**Your instructions:** Everything in the data gets repeated exactly, except for the pictures.
---------- Recorded data
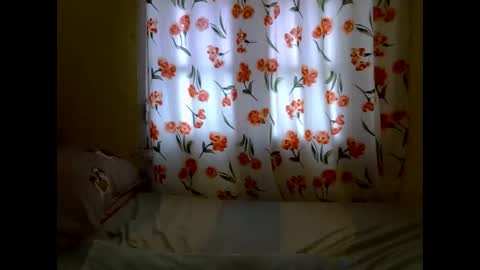 Snapshot of tessmia chatting on 04-09-26, 07:03 tessmia online show from 04-09-26, 07:03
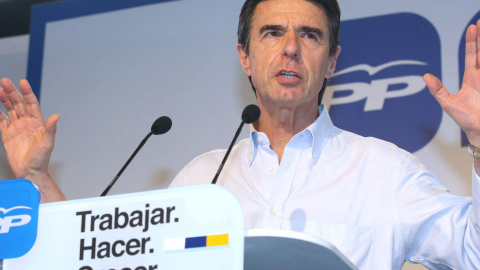 El ministro de Industria, José Manuel Soria, durante su intervención en el mitin que este partido celebró hoy en Las Palmas de Gran Canaria. EFE/Elvira Urquijo A.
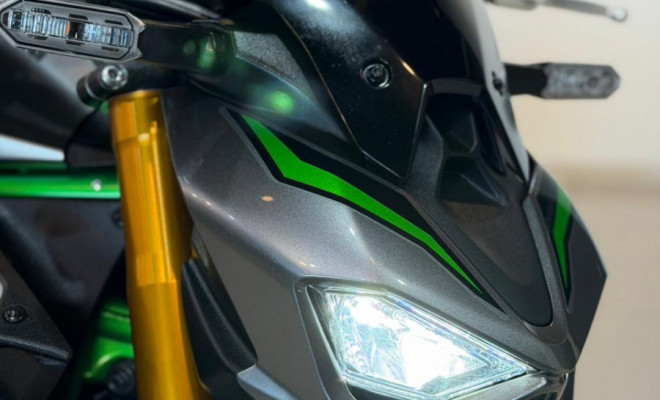 KAWASAKI Z 900 R Edition 2026 Gasolina-2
--------------------
**Solved problem:**
 Snapshot of tessmia chatting on 04-09-26, 07:03 tessmia online show from 04-09-26, 07:03
 El ministro de Industria, José Manuel Soria, durante su intervención en el mitin que este partido celebró hoy en Las Palmas de Gran Canaria. EFE/Elvira Urquijo A.
 KAWASAKI Z 900 R Edition 2026 Gasolina-2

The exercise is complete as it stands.